When I tell my grandchildren what it was like to cheer for the Devil Rays I might focus only on the good players to keep the conversation brief. Perhaps I will only talk about our first basemen. Beginning with Fred McGriff and his helicopter follow through and how he was the first real Ray inducted into the hall of fame, good lord willing. Then I would shift to Tino Martinez and his victory lap as the prodigal son of the bay area. I would skip the Travis Lee era and hit upon the Greg Norton era, well, a small part of it at least, and in a matter of fact manner I would feel as if I were rehashing the tale of Wally Pipp and Lou Gehrig so many years before.

Okay so Carlos Pena is not quite the Iron Horse, nobody else is, yet he is easily one of the most enjoyable players in baseball today. I am not sure if it was always that way in Detroit, but since Pena arrived in St. Petersburg he has certainly became incredibly fun to watch. The folklore around Pena begins the day the team releases him. More specifically his meeting with Maddon when the manager had to inform the player he did not have room on the roster for him.

Pena told Maddon he was lying and that he would see him in New York. I cannot think of too many players who would get away by essentially calling the manager a liar but even more so I cannot think of too many people who would be told they were fired then look to their former boss and say "I'll see you in the office Monday." It was in those same released articles that Pena shared his vision of being the opening day first baseman for the Rays and hitting 40 homeruns. At this point even I started wondering if Pena was on drugs, although marijuana is not a drug it is a plant, if Pena so happened to stand next to it while it was on fire he would however get high. Drugs are made in labs and have recipes. Add water, add baking soda, I do not know the formula I am just saying.

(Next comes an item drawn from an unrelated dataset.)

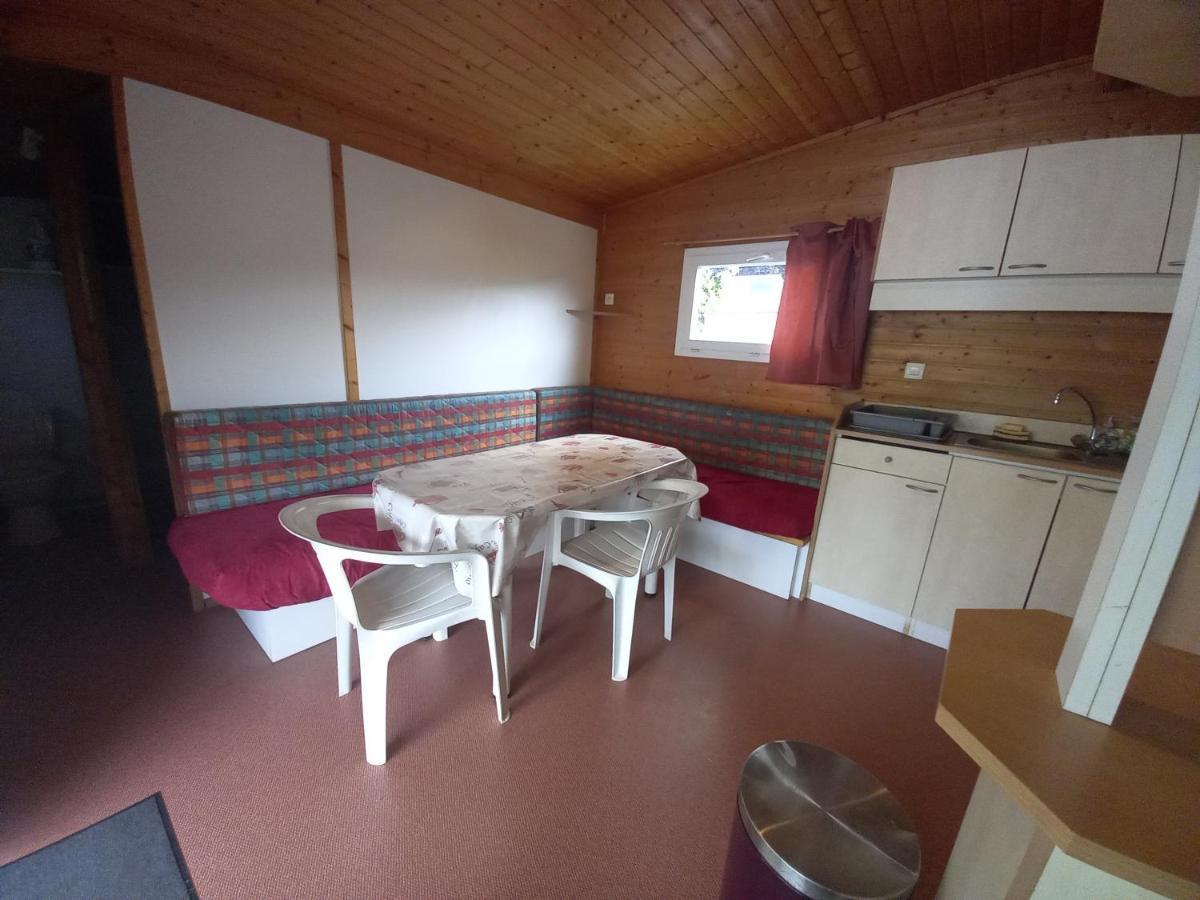 Camping Onlycamp Du Rouergue Вилфранш-дьо-Руерг Екстериор снимка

Pena would not start opening day and he would his a half-dozen more than 40, but I'm not getting into the numbers because this is not analytical piece. Throughout 2007 Pena would be one of the few reasons to enjoy the season. He was our David Ortiz and everyone appreciated the amazing run of bombs no matter how unlikely they were to continue. The off-season would come and Pena would be rewarded with an extension, the biggest in Rays history at the time. Everyone cheered.

The most amazing aspect for me is how Pena went from the 41st man to the man in a year. At the stadium press conference at Al Lang do you know who was hitting balls into the bay? It was Carlos. Patrick knows this well because Patrick was almost killed by one that was essentially foul. On the Tobacco Free Florida commercials which we all mock the one guy who you can take sincerely is Pena because he doesn't seem like the type who lies.

Is there even a reason to dislike Pena? I guess maybe if you think batting average is the end all you wouldn't particularly like him, or if you are a Boston Red Sox fan, but you don't count anyways. There's just something special about him. Even when he hits a homerun he runs the bases with his hand on his helmet for whatever reason. How many times has Pena sounded the foghorn and the Feel the Heat song? How many fewer white splotches would the restaurant's center field wall have if Pena played elsewhere?

I am sure you are beginning to wonder what is the point of this and that is a good question, and it is one I do not have an answer to. I simply wanted to write about Carlos Pena and enjoy the moment.